# Microsoft Office Application Help - Excel Help forum > Excel Formulas & Functions >  >  Round to nearest 100?

## twixthecat

:EEK!: How do I add a formula to excel to round a number to the nearest 100? 

Eg 1445 would need to be rounded down to 1400 or 1175 would become 1200? 

The numbers are already integers. Floor and ceiling formula seem almost to work, but I need to to automatically round up if 50 or over and round down if 49 or under. 

Thanks

----------


## squiggler47

look at mround, you will need analasys tool pack installed

or =round(a1/100,0)*100

----------


## dominicb

Good afternoon twixthecat

You couold use floor if you add 49 to your sum, eg :
*=FLOOR(1445+49,100)* will return 1400
*=FLOOR(1175+49,100)* will return 1200
You don't say what your original formula is, so you would have to work that into the solution.

(Or you could use *CEILING* and -49 to the formula)

HTH

DominicB

----------


## Khalique Ahmed

I feel mround formula is working properly no need to give any extra condition just
`=MROUND(D24,100)
this will round the nearest 100. 
floor formula is also works same but if value is 150 then , =floor(a1+49,100)  = 100 while mround result will be 200.

----------


## royUK

If you are satisfied with the solution(s) provided, please mark your thread as Solved. 
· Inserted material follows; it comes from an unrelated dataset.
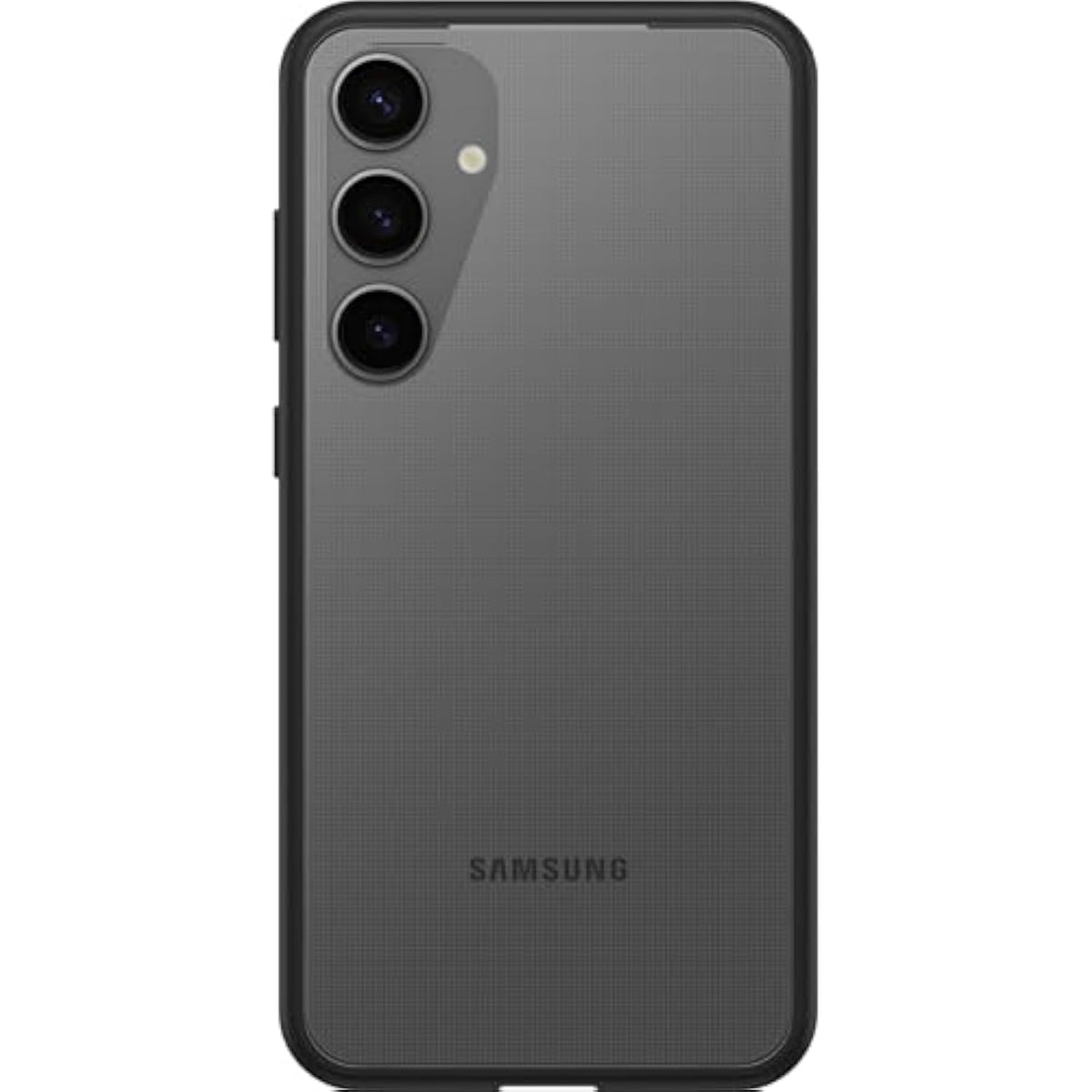 OtterBox Samsung Galaxy S24+ Prefix Series Case - Black Crystal, Ultra-Thin, Pocket-Friendly, Raised Edges Protect Camera & Screen, Wireless Charging Compatible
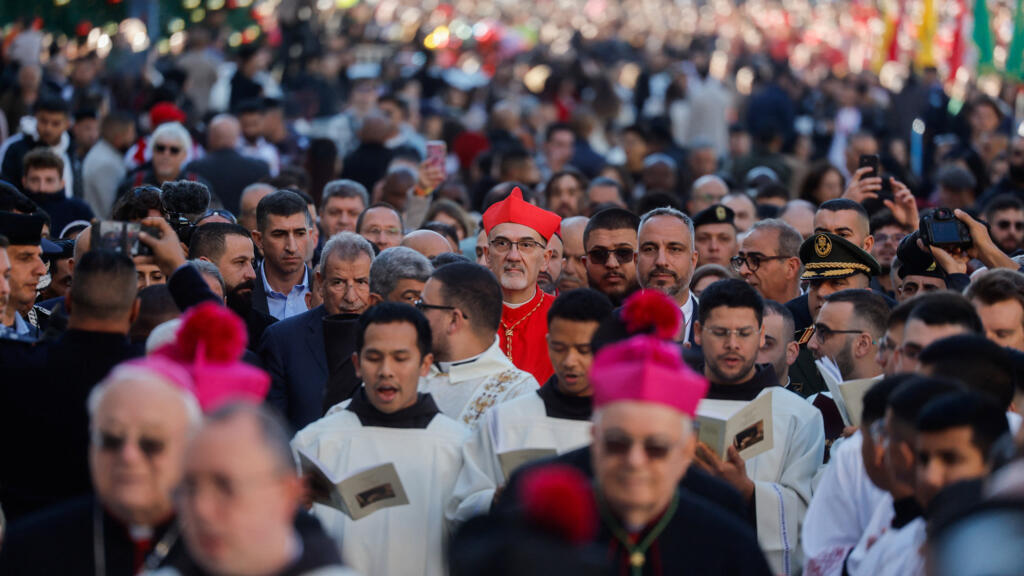 Christmas festivities slowly return to West Bank holy city of Bethlehem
*How to mark a thread Solved*
Go to the first post 
Click edit
Click Go Advanced
Just below the word *Title* you will see a dropdown with the word No prefix.
Change to Solved
Click Save

----------


## daddylonglegs

You can use a regular round function, to round A1 to the nearest 100

=ROUND(A1,-2)

----------


## littledobby

For me it needed to be ROUNDUP rather than just ROUND.  This:

=ROUNDUP(A2,-2)

I'm using Excel 2007.

----------